Les dividendes distribués par des OPCVM logés dans une assurance-vie sont réinvestis dans le contrat sans imposition immédiate. La fiscalité se déclenche uniquement au moment du rachat, avec l’abattement annuel de 4 600 € (célibataire) ou 9 200 € (couple) après 8 ans. Voir assurance-vie fonds euros ou UC.

Cas particulier — l’entrepreneur associé de SASU / SAS

Un dirigeant qui perçoit des dividendes de sa propre société relève du même régime (PFU par défaut, barème sur option). Les rémunérations et dividendes n’obéissent pas au même arbitrage social + fiscal — un point essentiel qui dépasse le cadre de cet article et gagne à être traité avec un expert-comptable.

La dispense d’acompte IR

Si votre RFR de l’avant-dernière année est inférieur aux plafonds fixés par la loi (à titre indicatif, environ 50 000 € pour un célibataire, 75 000 € pour un couple, seuils à vérifier chaque année), vous pouvez demander une dispense de l’acompte de 12,8 % avant le 30 novembre pour l’année suivante.
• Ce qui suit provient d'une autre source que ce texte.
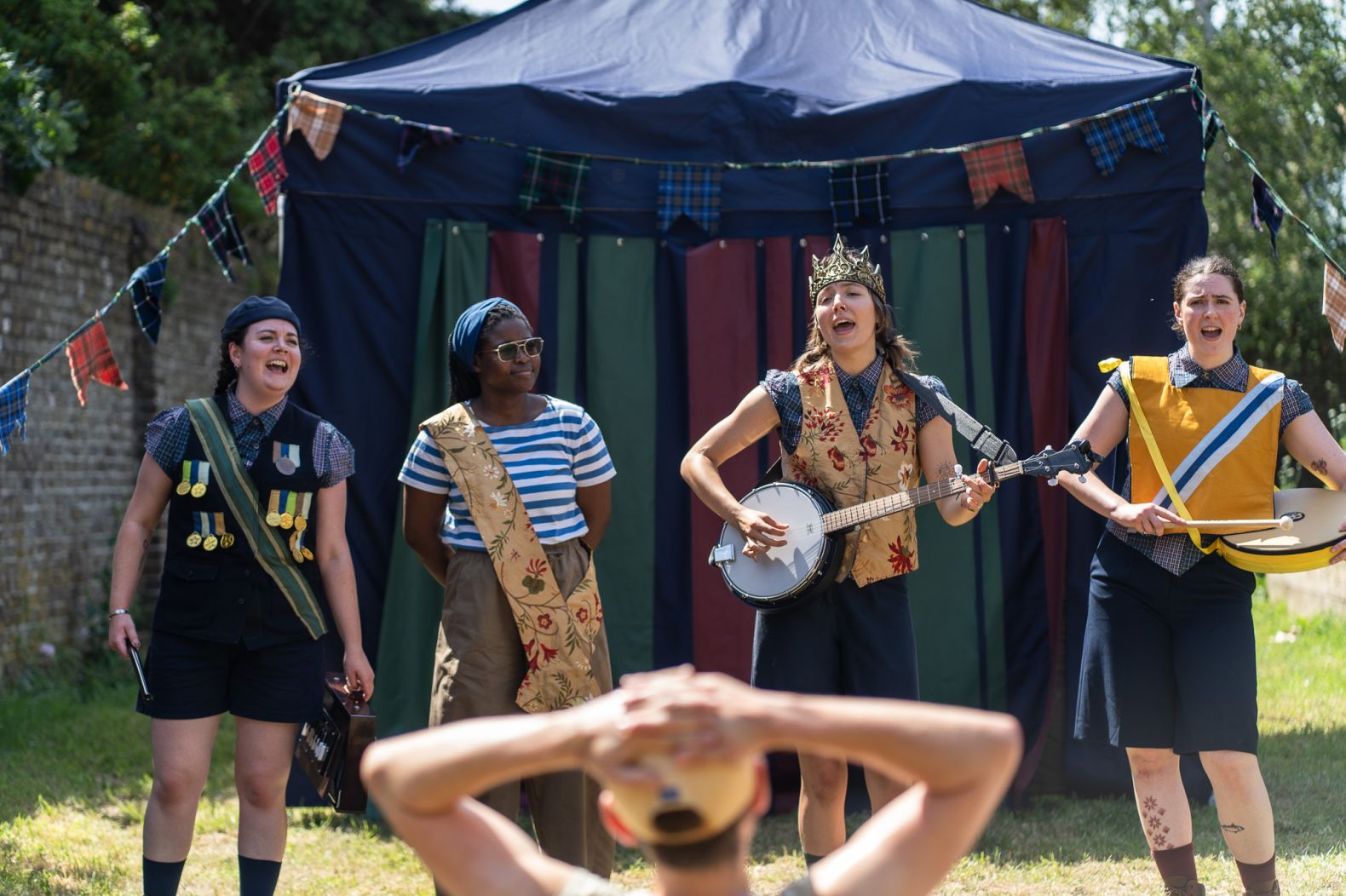 Four cast members performing outdoors in front of a tent, some playing instruments.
Utile pour améliorer la trésorerie annuelle.

Ce qui reste hors sujet de cet article

  • Les dividendes étrangers (crédit d’impôt selon les conventions bilatérales — mécanique spécifique).
  • Les rachats de parts d’OPCVM (régime des plus-values mobilières).
  • Les coupons d’obligations — soumis au PFU / barème mais sans abattement 40 %.

En résumé — la démarche 2026

  1. Vérifier votre TMI marginale projetée.
  2. Simuler l’option barème sur l’ensemble de vos revenus mobiliers.
  3. Comparer le total net avec le PFU en régime par défaut.
  4. Cocher 2OP uniquement si l’écart est significatif et durable.
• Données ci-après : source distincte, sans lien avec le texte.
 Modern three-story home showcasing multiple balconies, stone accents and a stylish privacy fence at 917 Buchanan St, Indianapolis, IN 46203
Utilisez notre simulateur d’impôt sur le revenu et le simulateur du quotient familial pour intégrer les dividendes à la fiscalité globale du foyer. Pour les investisseurs actions, la priorisation reste PEA d’abord, puis assurance-vie ou CTO au-delà.

Questions fréquentes

L'abattement de 40 % sur dividendes s'applique-t-il à toutes les actions ?

Non. Il s'applique aux dividendes distribués par des sociétés françaises ou situées dans l'UE / EEE ayant opté pour un régime éligible, à condition d'être imposés au barème progressif (option 2OP). Les dividendes de sociétés hors UE peuvent être exclus. Le PFU n'ouvre pas droit à cet abattement.
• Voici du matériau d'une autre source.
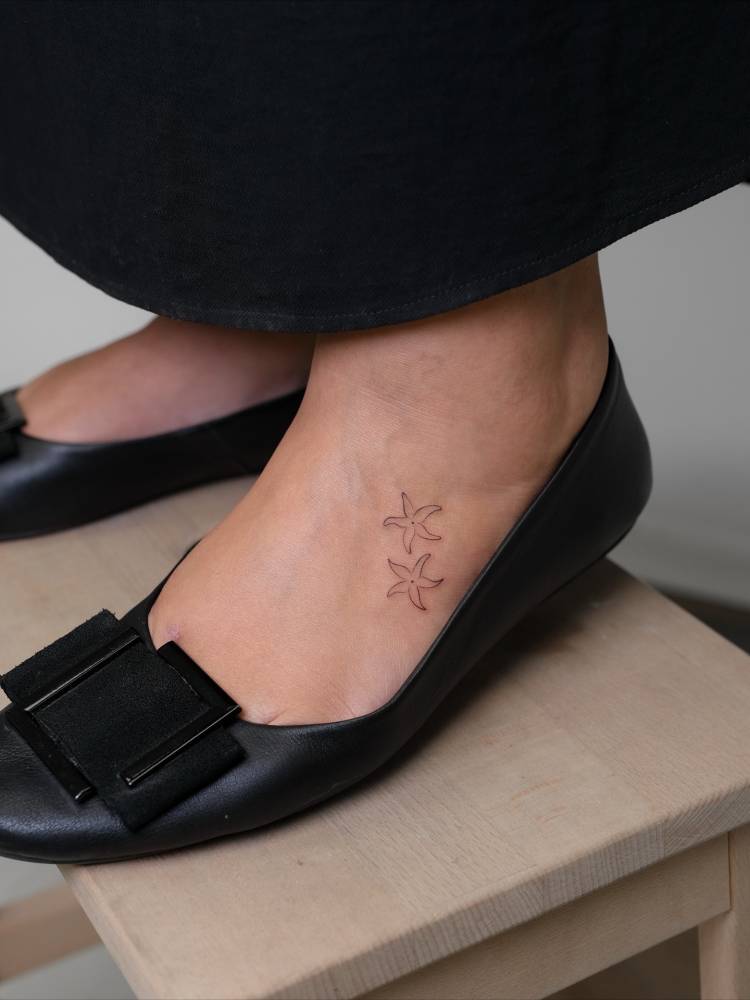 Fine line style starfish tattoo located on the foot.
Un acompte de 12,8 % est-il prélevé à la source ?

Oui, en général l'établissement payeur prélève un acompte de 12,8 % d'IR + 17,2 % de PS au moment du versement du dividende. Cet acompte est ensuite imputé sur l'impôt final au moment de la déclaration. Une dispense d'acompte IR est possible si votre RFR N-2 est sous certains seuils.

Puis-je opter au barème seulement certaines années ?

Oui, l'option se prend chaque année sur la déclaration (case 2OP). Elle est irrévocable pour l'année concernée mais peut varier d'un exercice à l'autre selon votre TMI et la composition de vos revenus.

La CSG déductible réduit-elle l'impôt sur les dividendes ?

Oui, mais seulement si vous avez opté pour le barème. La CSG déductible de 6,8 % s'impute sur le revenu imposable de l'année suivante — un décalage de trésorerie mais une économie réelle. Sous PFU, aucune CSG n'est déductible.

Les dividendes en actions (paiement en titres) sont-ils imposés pareil ?

Oui. Un dividende payé en actions nouvellement émises est imposé fiscalement comme un dividende en numéraire, sur la base de la valeur du titre livré. L'imposition intervient au moment de l'émission des titres, avant même toute cession.